/ Modified sep 24, 2016 6:16 p.m.

How President Hart Will Become Professor Hart

UA president will serve on faculty of College of Education, earn top salary.

Ann Weaver Hart 11/17/14 SPOT University of Arizona President Ann Weaver Hart.
AZPM Staff

Editor's note: This story was updated at 6:15 p.m. Sept. 24, 2016 to add clarifying information.

Members of the Arizona Board of Regents have set the parameters for University of Arizona President Ann Weaver Hart’s transition out of her current role into her future position as member of the faculty.

Hart’s contract runs through June 30, 2018, and a search for her successor is in the early stages, following her announcement this summer that she would not ask for an extension.

Based on the transition terms that the regents agreed to Thursday at a meeting in Flagstaff, if a new president is hired before Hart’s contract expires, she will become a tenured professor in the College of Education. Her base salary as UA president, about $475,000, will continue through mid 2018.

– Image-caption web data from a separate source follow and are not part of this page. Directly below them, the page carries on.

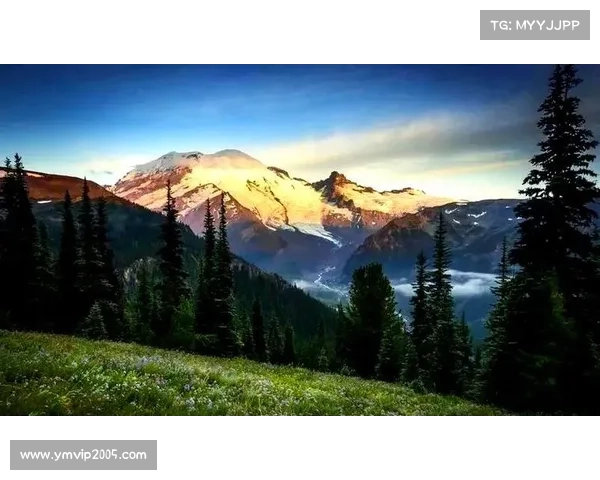 深入探秘英格兰足总的历史渊源与幕后运作机制全解析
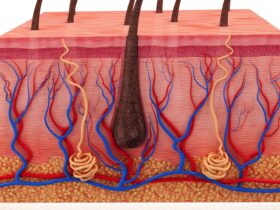 Lapisan Kulit: Struktur, Fungsi, dan Cara Menjaga Kesehatannya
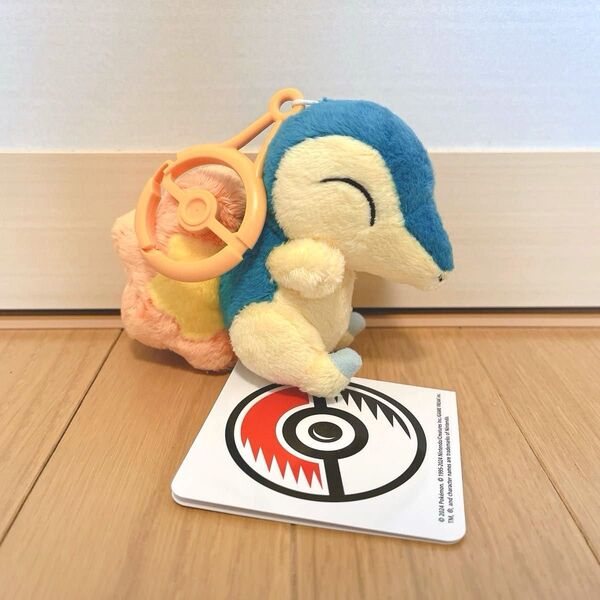 ポケモン カラビナ付きマスコット ヒノアラシ ぬいぐるみ ポケモンセンター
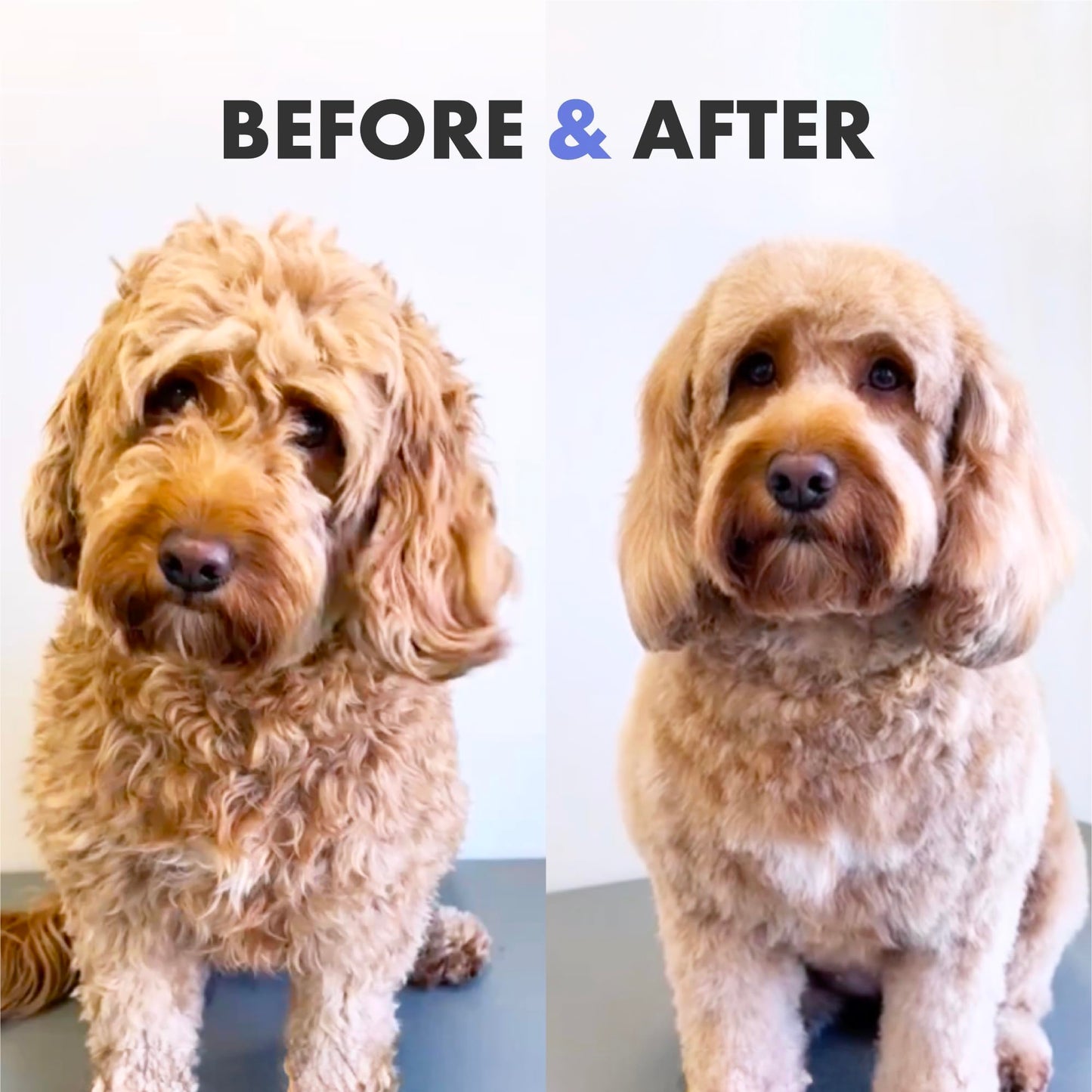 DotDotPet Conditioning Dog Shampoo - For All Breeds - Preboitic - Vegan - Sensitive Skin -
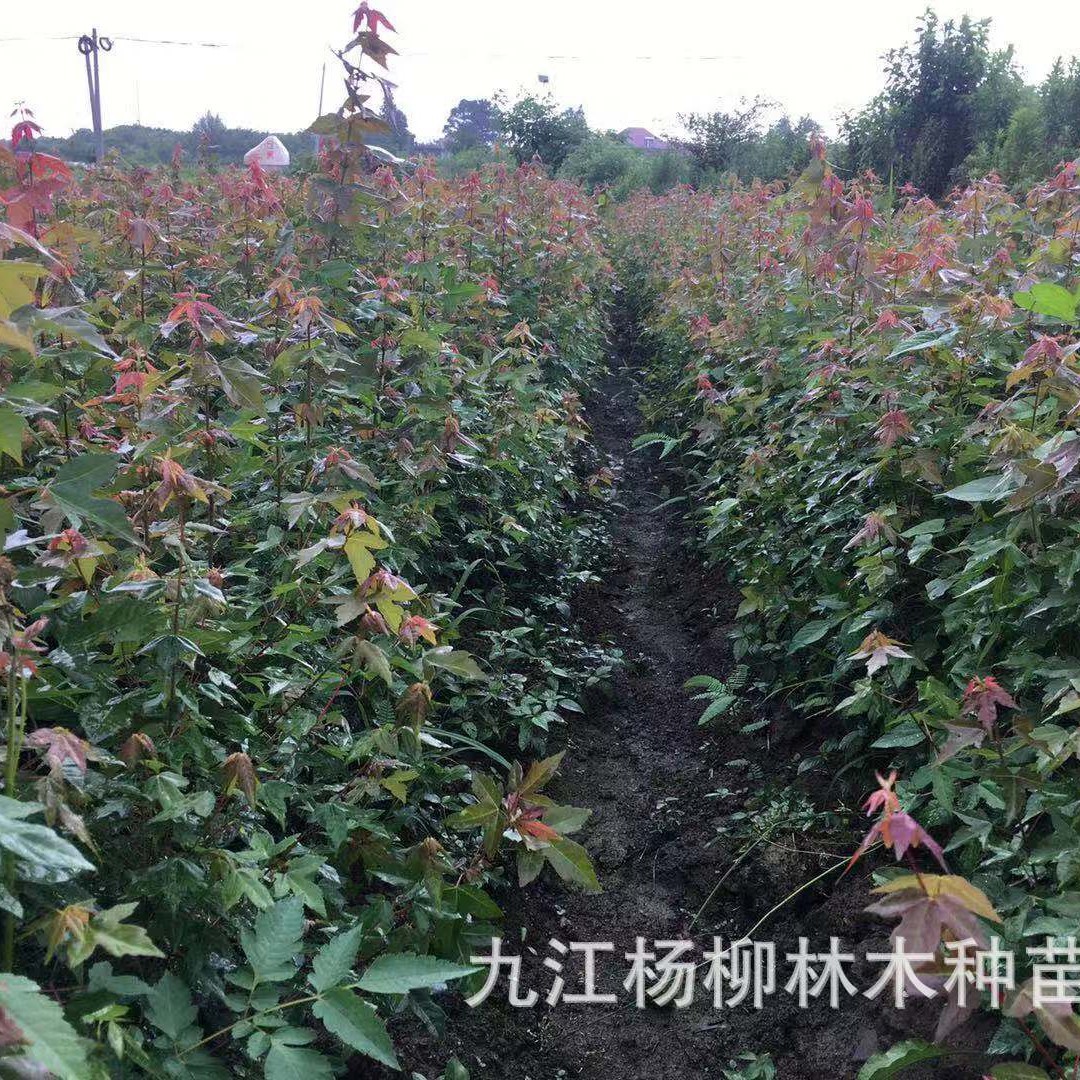 供应绿化苗木三角枫 绿化工程三角枫小苗三角槭 枫树 量大从优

Then, in her faculty position, she will be paid a salary equal to the highest paid faculty member in the College of Education. The UA’s online salary database shows Dean Ron Marx earned the the College of Education’s top salary in the 2014-15 fiscal year, at $251,449.

Hart will take a sabbatical leave during the first academic year as a member of the faculty. If hiring of a new UA president and Hart's move to the faculty come by next summer as some regents have said they anticipate, she will have served five years at the university.

Normally, a faculty member is not eligible for sabbatical leave until after six years of work and then after university administration approves the sabbatical based on a proposed project that will help the faculty member advance in her profession, "to remain effective in their current positions, and to render the greatest possible service to the University of Arizona."

A UA spokesperson said in an email Saturday that "Hart negotiated a sabbatical as part of the terms of her contract with" the Board of Regents, and because the board "is the governing agency for the state universities, her agreement with them supersedes UA policy.

In other business, the regents approved paying the presidents of the state's three public universities what they called "at-risk compensation" - clarifying these were not bonuses, but payment for reaching set benchmarks. Each president will receive $40,000 in at-risk compensation.